“Sarah, did you hear me?”
Miss Dunn was sitting primly on the bench at the front of the tiny basement room, which was barely bigger than the cabin she and Louvenia had left behind in Delta. Sarah liked Miss Dunn, and hated to hear her sound cross. Miss Dunn talked prettier than any colored woman Sarah had ever met—she was from up north, she’d told them, from a city called Phil-a-del-phi-a, where there had been no slaves before the war. Her hair was always pulled back tight behind her head in a bun, and the simple gingham dresses she wore were perfectly neat and clean. Miss Dunn was a very young woman, younger than some of the grown men and women who came to her class, and her cocoa-colored face looked as smooth as glass. If she ever smiled, Sarah thought, Miss Dunn would be truly beautiful.
“It’s your turn to read. Come on up here.”
“To … read … ?” Sarah said, nearly choking on the words. She sat frozen on her bench, and she heard two boys behind her snicker. Sarah shook her head. “N-no, ma’am, I can’t… .”

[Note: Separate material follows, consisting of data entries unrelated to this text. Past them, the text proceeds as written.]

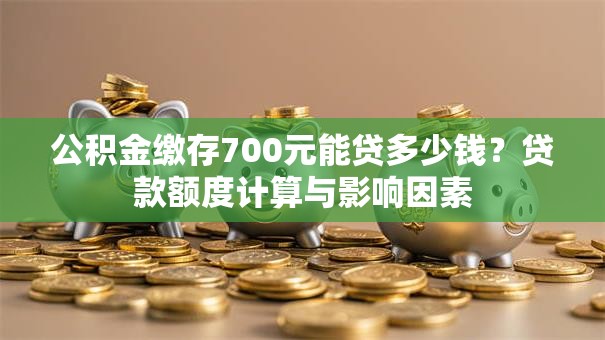公积金缴存700元能贷多少钱？贷款额度计算与影响因素
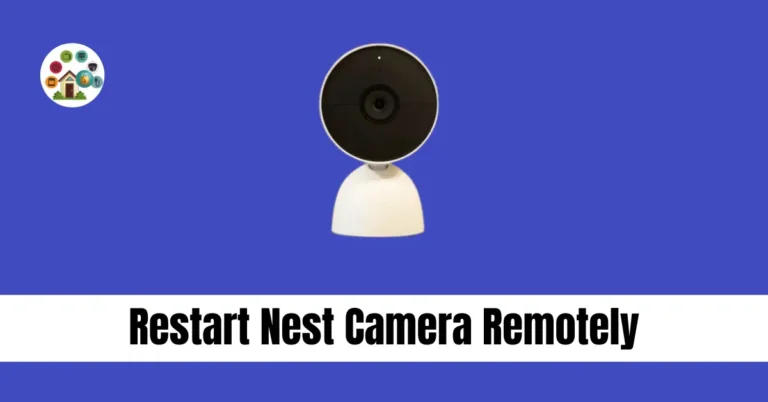 restart nest camera remotely tech heaven home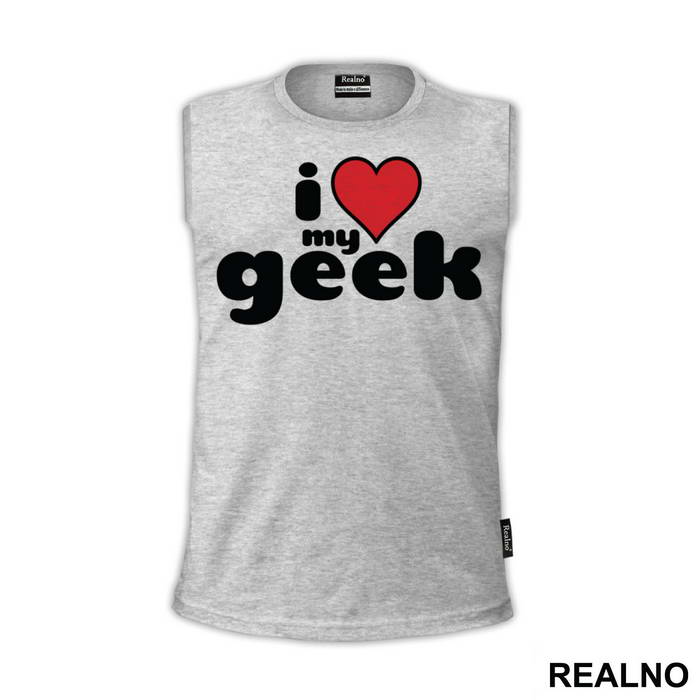 I Love - Geek - Majica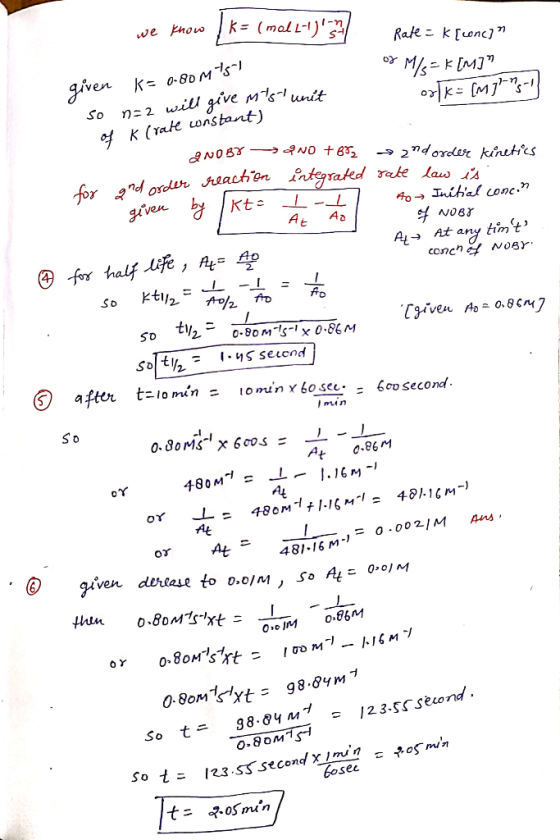 we know JK= (mall- Rate = k[conc? of M/s = K[M] TK = [M]!=5-1 given so of k= 0.00mts n=2 will give mts unit K (rate wnstan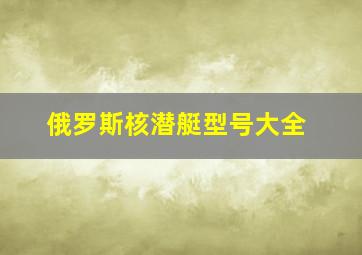 俄罗斯核潜艇型号大全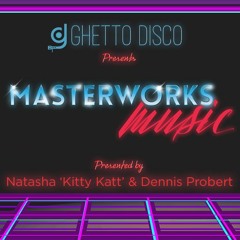 Ghetto Disco Presents: Masterworks Music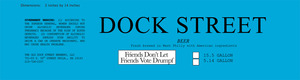 Dock Street Friends Don't Let Friends Vote Drumpf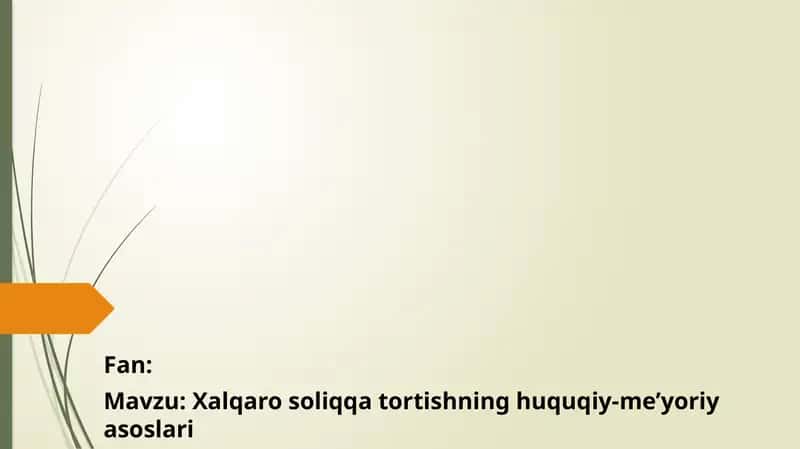 Xalqaro soliqqa tortishning huquqiy-me’yoriy asoslari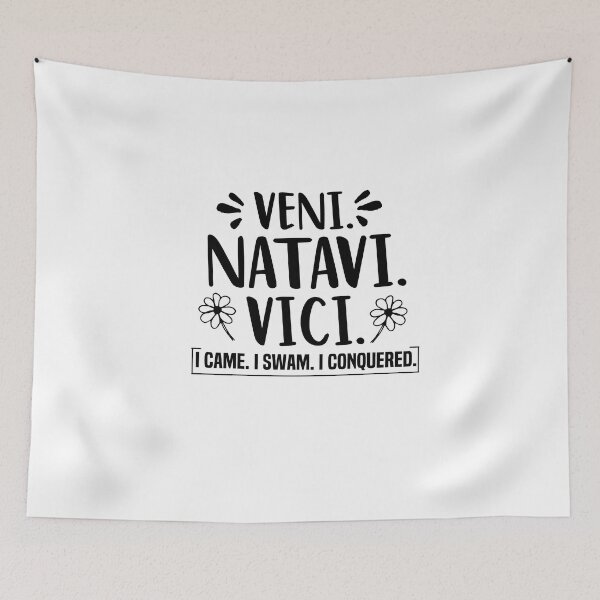 Item preview,  VENI NATAVI VICI I Came I Swam I Conquered designed and sold by melshirt-shop.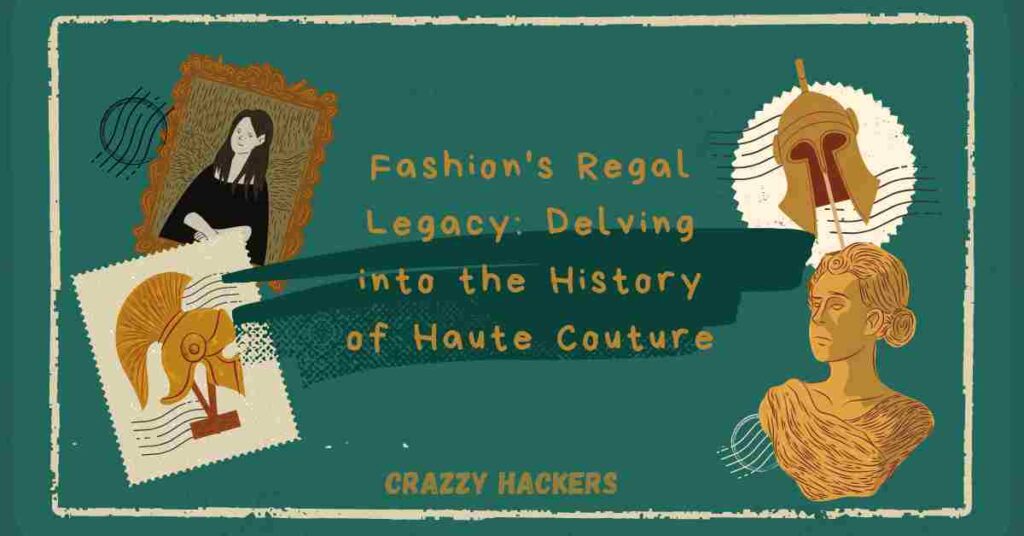 History of Haute Couture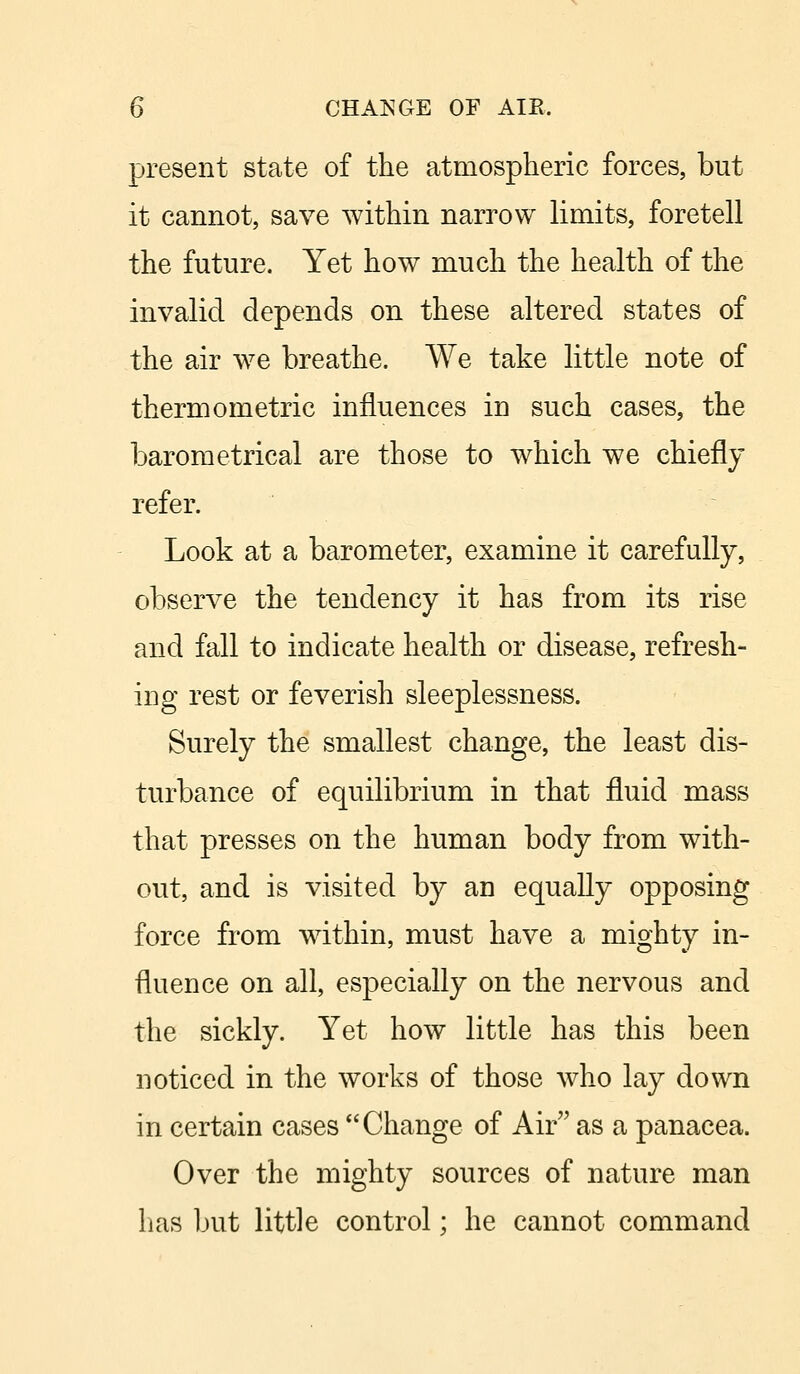 present state of the atmospheric forces, but it cannot, save within narrow limits, foretell the future. Yet how much the health of the invalid depends on these altered states of the air we breathe. We take little note of thermometric influences in such cases, the barometrical are those to which we chiefly refer. Look at a barometer, examine it carefully, observe the tendency it has from its rise and fall to indicate health or disease, refresh- ing rest or feverish sleeplessness. Surely the smallest change, the least dis- turbance of equilibrium in that fluid mass that presses on the human body from with- out, and is visited by an equally opposing force from within, must have a mighty in- fluence on all, especially on the nervous and the sickly. Yet how little has this been noticed in the works of those who lay down in certain cases Change of Air as a panacea. Over the mighty sources of nature man lias but little control; he cannot command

“No back-talking, Sarah. Everybody has a turn.”
Walking on legs that threatened to betray her at any instant, Sarah made her way to the front of the class. She glanced at the watching students; there were at least fifty of them of every age, from children younger than her to old men and women with gray hair who needed canes to walk, and they were all crammed on their benches with their eyes on her. Some of the students in the back, who’d arrived late, had to sit on the floor, and they shifted uncomfortably as they fanned themselves. Sarah couldn’t remember a time when so many people had been watching her.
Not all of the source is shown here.